CJ Ramone mixes politics and romance on the uneven ‘Last Chance To Dance’
Last Chance To Dance
Apparently, even if you’re not one of the original quartet that started the peerless punk band 40 years ago, if you’re a Ramone, you’re a Ramone for life. At least that’s what Chris Ward (aka CJ Ramone) would have us believe. Though he joined the group well after they had recorded their classic albums, he isn't letting go of his chosen surname nor the sound of his former band.
Ward has especially held tightly to the punchy, mid-tempo attack that Ramones cranked out during his tenure. The music he wrote for his former band Bad Chopper and now his two solo albums are no-muss, no-fuss punk records that perfectly suit his pleasant affectless singing and songwriting voice. On Last Chance To Dance, the bassist/vocalist takes on the role of a man forced to join the military as a means to support his family (“Won’t Stop Swinging”), the embittered romantic (“‘Til The End,” “One More Chance”) and the careless cad reminding some poor hanger-on that she’s just a “temporary distraction/A pit stop on the way to the action” (“Pitstop”).
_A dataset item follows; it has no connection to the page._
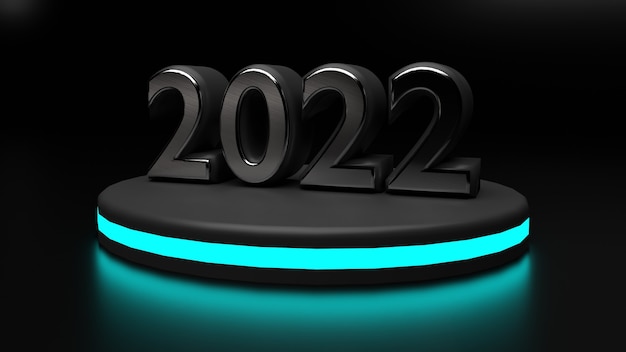 3D 2022 mit Neon-gerendertem Podium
And he does it all to tune of songs written to ape some of his former band’s best.
Where things get murkier on Last Chance is when Ward attempts to mix the personal with the political. His ode to the AK-47, “Mr. Kalashnikov,” is one of the odder choices in that lyrical realm. Close in spirit to “Scattergun,” a song he wrote for Ramones’ final studio album ¡Adios Amigos!, Ward preaches the joys of getting his “ya-yas out” at the shooting range, looks down his nose at the “sissy little gear queers” that would choose to swap out the rifle’s stock trigger, and sticks to a chorus that says, “Every common man with a gun in his hand is what we’ve gotta do.” I’m going to take Ward and his publicist at their words that this song is meant ironically, but I’m having a hard time finding the knowing wink or commentary buried in the lyrics. Even more troubling is the possibility that some firearm enthusiasts are going to lift this up as a personal anthem.
I’m also going to accept the word of the folks at Fat Wreck Chords that the album’s closing song “Cluster Fuck,” is a blanket statement about politicians rather than being directed at anyone specific. But there’s no denying that the lyrics are couched in language often used against our current commander-in-chief: “You can promise us a real bright future/But it’s all fading to black”; “The new messiah is now a pariah/This ship is sinking faster every day.”
Obviously, Ward can sing about whatever the fuck he wants. There’s no argument there. The concern is that these cloudy messages wind up muddling the whole of the album, the joys found in the songs early on in the album are dimmed as we try to parse out his meaning on the rest.